The deployed FD was merged with the aneurysm geometry in ICEM CFD version 14.0 (ANSYS, Inc., Canonsburg, PA, USA) to create finite volume tetrahedral elements for CFD simulation. The element size was set to 0.01 mm to represent the geometry of the FD sufficiently.24 Mesh sizes ranged from 3 to 5 million elements in cases without a FD, and from 20 to 40 million elements in cases with a FD. After meshing, haemodynamic variables based on CFD were calculated under pulsatile flow conditions using commercial software (ANSYS CFX 14.0; ANSYS, Inc.). The vessel wall was assumed to be rigid with a no-slip boundary condition. Blood was modelled as a homogenous, laminar, incompressible Newtonian fluid (attenuation 1060 kg/m3, viscosity 0.004 Pa/second). The governing equation underlying the calculation was the Navier–Stokes formulation. The pulsatile period velocity profile was obtained by transcranial Doppler from a normal subject, and was set as the inflow boundary condition. The flow waveforms were scaled to achieve a mean inlet wall shear stress (WSS) of 1.5 Pa under pulsatile conditions. As the physiological flow waveforms measured by transcranial Doppler were pulsatile, the flow data (velocity, flow rate and oscillatory shear stress) would actually change during the complete cardiac cycle. However, the patient-specific flow data were not always available in clinical practice, and so we had to use the representative population average value (1.5 Pa)25,26 to eliminate bias resulting from individual differences. Eight hundred time steps (0.001 s/step) were set for each cardiac cycle. Two cardiac cycles were simulated for numerical stability. Results from the second cardiac cycle were collected as output for post-processing of haemodynamic variables.

Computational findings at the aneurysmal neck and in the whole aneurysm were examined precisely. Mean flow velocity and mean WSS at peak systole before and after treatment were extracted and compared between the two groups. The haemodynamic reduction ratio (RR), defined as (pre-treatment value – post-treatment value)/pre-treatment value, was calculated for each patient-specific aneurysm. The following factors were calculated: mean RRs of velocity on the neck plane and in the whole aneurysm, mean RRs of WSS on the neck and on the aneurysm wall and mean RR of pressure. In addition to these quantitative variables, some qualitative variables relating to blood flow (flow complexity, inflow jet) were also evaluated using the method of Cebral et al.27 Pre and post-treatment haemodynamic factors were compared between the ICO and CO groups. In addition, haemodynamic changes were compared between patients with a PED alone versus those with a PED and coils to determine the effects of these treatment strategies (Table 2).

Table 2.

Univariate analysis between PED alone and PED with coils groups.

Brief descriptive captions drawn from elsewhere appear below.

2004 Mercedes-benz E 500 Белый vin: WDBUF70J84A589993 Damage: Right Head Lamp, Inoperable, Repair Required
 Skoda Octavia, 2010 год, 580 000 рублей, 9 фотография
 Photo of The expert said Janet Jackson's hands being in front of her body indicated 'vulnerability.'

Treatment strategy (mean ± SD) PED with coils (n = 47, 50.0%) PED alone (n = 47, 50.0%) P value
RR of velocity (AN) 0.763 ± 0.415 0.558 ± 0.327 0.009*
RR of velocity (neck plane) 0.399 ± 0.494 0.257 ± 0.258 0.084
Inflow jets (pre) 23 (48.9) 24 (51.0) 0.312
Inflow jets (post) 9 (19.1) 9 (19.1) 1.000
Flow complexity (pre-com) 26 (55.3) 32 (68.0) 0.203
Flow complexity (post-com) 13 (27.7) 18 (38.3) 0.273
Packing density, % 9.84 ± 9
*

P < 0.05.

AN: aneurysm; com: complex; PED: pipeline embolisation device; RR: reduction ratio; SD: standard deviation.

Statistical analysis

Analyses were performed with statistical software (SPSS version 22.0; IBM, Chicago, IL, USA). The one-sample Kolmogorov–Smirnov test was used to determine whether the continuous variables were normally distributed. For normally distributed data, the independent-samples t-test was executed. The Mann–Whitney U test was used to compare non-parametric data, while the χ2 test was used for categorical variables. Data are presented as mean±standard deviation for continuous variables, and as frequency (percentage) for categorical variables. Risk factors with a P value of less than 0.1 in univariate analysis were entered into a multivariate logistic regression analysis to assess the independent risk factors and odds ratios with 95% confidence intervals of the ICO group and the CO group. A two-tailed P value of less than 0.05 was considered statistically significant in the multivariate logistic regression. Finally, we used receiver operating characteristic curves and the Youden index to identify the threshold values of haemodynamic variables and calculate the area under the receiver operating characteristic curve.

Results

Eighty-three patients (64 women and 19 men) harbouring 94 intracranial aneurysms and ranging in age from 8 to 73 years underwent PED treatment (PED alone or PED with loose packing coils) and were enrolled in our study. Angiographic follow-up occurred at an average of 12 months. On follow-up DSA, 76 (80.9%) aneurysms were found to be CO, while the remaining 18 (19.1%) were ICO (six with subtotal filling and 12 with entry remnants). Haemodynamic changes and important treatment-related factors are shown in Tables 1 and 2, and the results of multivariate logistic regression are shown in Table 3.

Table 3.

Multivariate logistic analysis between CO and ICO groups.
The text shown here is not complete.